Le dernier chapitre rassemble les thématiques du νυκτερινὸς σύλλογος et de la digression théologique du livre X des Lois, thématiques intimement liées en raison de l’analogie, amplement démontrée par Brisson-Pradeau, entre le monde divinement ordonné et la cité. Tel un être animé, celle-ci possède un intellect en l’instance du “collège de veille”, ainsi qu’une faculté sensitive, incarnée par les jeunes assistants du collège. Ici encore, les auteurs défendent avec succès la pertinence des arguments physiques invoqués en guise de réfutation de l’athéisme dans cette partie du dialogue, plaidant à nouveau indirectement pour son unité et sa cohérence.
L’ouvrage comprend également: quelques illustrations permettant de visualiser la forme du territoire, de la ville et des villages composant la cité des Magnètes; un index des passages anciens cités ou commentés; une bibliographie où n’apparaissent toutefois — mis à part les éditions, traductions, commentaires et ouvrages collectifs sur les Lois — que les travaux cités dans le corps du texte.
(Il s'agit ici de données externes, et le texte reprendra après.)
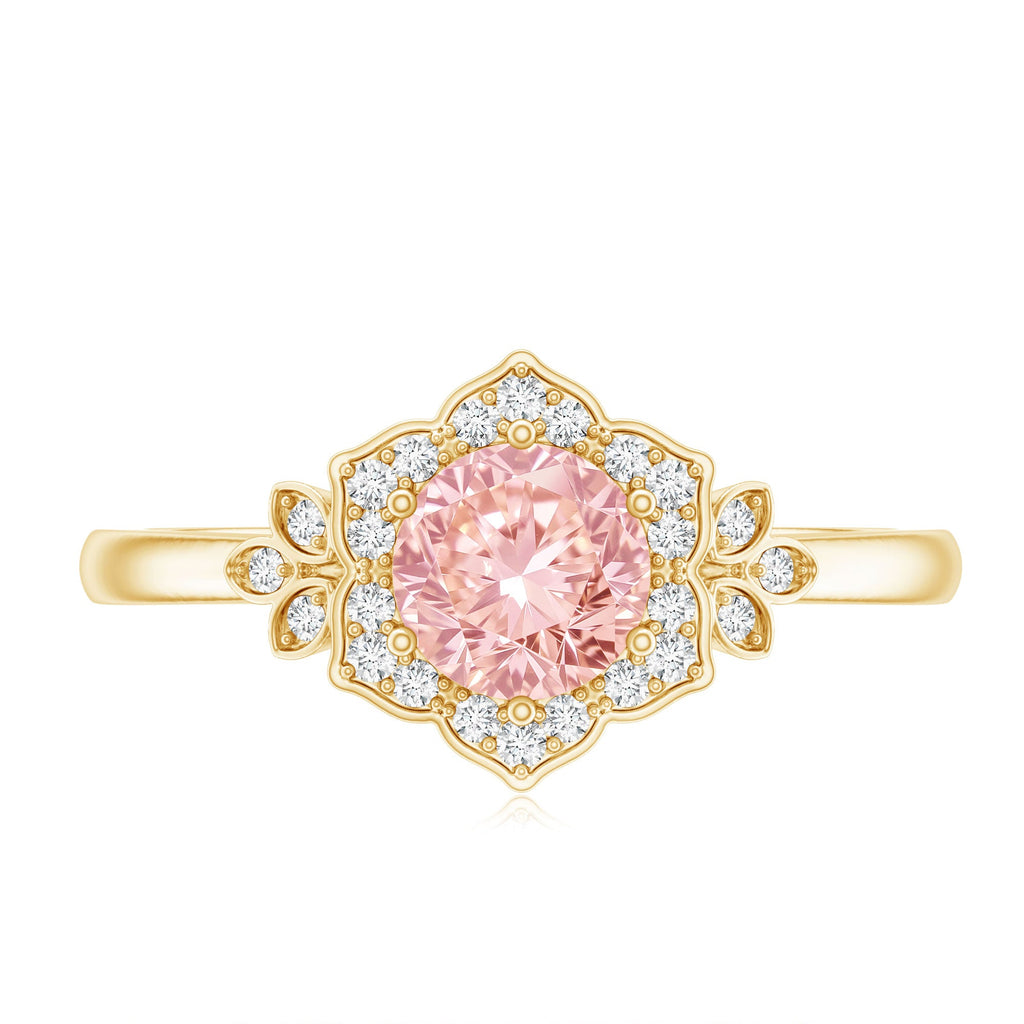 Pink and White Lab Grown Diamond Designer Engagement Ring with IGI Certificate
En somme, ce commentaire parvient de façon remarquablement succinte et économique à signaler au lecteur des Lois les principaux axes thématiques et argumentatifs du dialogue, en insistant sur les arrière-plans doctrinaux de la législation platonicienne sans pour autant ignorer complètement l’abondant contenu “technique” qu’il comporte. Particulièrement profitables à l’étudiant possédant plus de bases philosophiques qu’historiques sont les remarques comparant la cité dépeinte dans les Lois aux cités grecques contemporaines — notamment Athènes — et permettant d’apprécier la véritable originalité de la pensée politique de Platon. Sur les points de détails les auteurs fournissent fréquemment des références appropriées (majoritairement en français et en anglais) pour qui désire approfondir les débats en cause. Le commentaire présente de façon générale une interprétation sobre du dialogue mais ne recule pas devant la nécessité de prendre position sur certaines questions litigieuses, notamment celles qui concernent les rapports des Lois avec les autres dialogues et l’évolution prétendue de la pensée de Platon à divers égards. Le spécialiste des Lois ne trouvera peut-être pas son compte dans cet ouvrage bref, conçu comme une sorte de “résumé critique”; mais l’étudiant qui aborde ce dialogue dense et puissant ne manquera pas de reconnaître l’utilité d’un tel commentaire, dont la brièveté, au regard de la longueur des Lois elles-mêmes, n’est pas la moindre des vertus.
Notes
1. Défendue par A. Larivée (2003), “Du vin pour le collège de veille? Mise en lumière d’un lien occulté entre le choeur de Dionysos et le νυκτερινὸς σύλλογος dans les Lois de Platon”, Phronesis 8: 29-53.